Lorsqu’on envisage qu’un film est le dernier de son auteur, il s’agit de son dernier en date. Le huitième et ultime long-métrage de Sophie Fillières, morte à la fin des prises de vues, est celui qui date. Qui clôt, tout en l’ouvrant vers l’infini, une joyeuse ribambelle de longs- métrages aux titres originaux – Grande petite, Un chat un chat, Arrête ou je continue, La Belle et la Belle…- et au ton idoine.
Ma vie ma gueule s’inscrit dans la lignée de ces beaux portraits de femmes qui lui ressemblent et nous rassemblent. Ni tout à fait la même, ni tout à fait une autre. Volontaristes, ingénieuses, perdues, emmerdeuses, les femmes de Sophie Fillières sont parfois frapadingues, souvent drôles, de temps à autre injustes, mais toujours vraies.

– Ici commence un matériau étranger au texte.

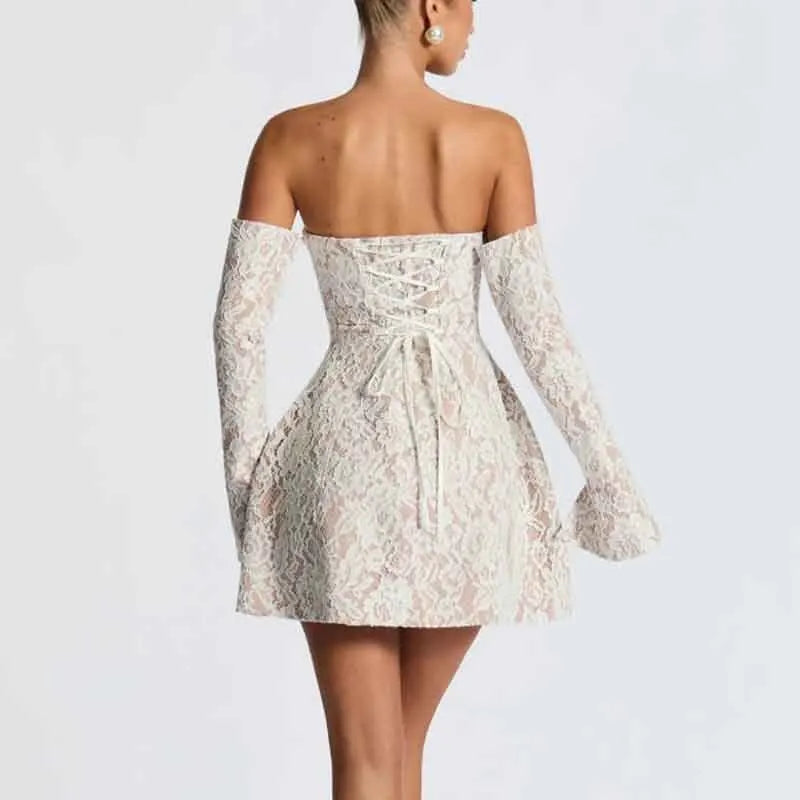 שמלת מיני תחרה בגזרת A בעיטור שרוולים תואמים - אן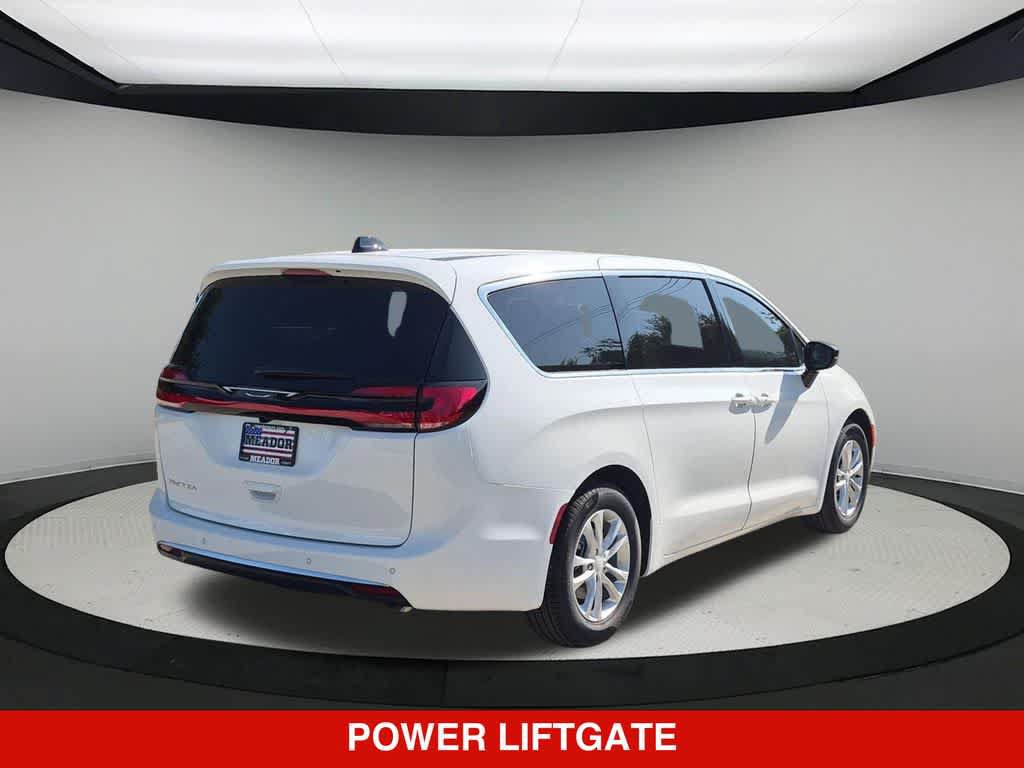 New 2027 Chrysler Pacifica Select FWD image 6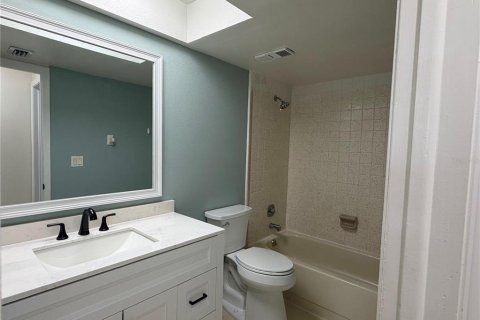 Condo in Punta Gorda, Florida, 2 bedrooms № 2197522 - photo 12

Ici, Barberie Bichette, c’est son improbable nom, est une poétesse à ses heures perdues qui travaille dans une agence de contenus. Barbie, c’est son improbable surnom, a une sœur, deux (grands) enfants, pas mal de vague à l’âme et parle souvent toute seule, quand elle ne parle pas à son psy. Alors qu’elle rencontre un homme qu’elle ne reconnaît pas et qui dit l’avoir bien connue jadis, elle le prend pour la mort personnifiée, et, prise de panique, se retrouve en hôpital psy.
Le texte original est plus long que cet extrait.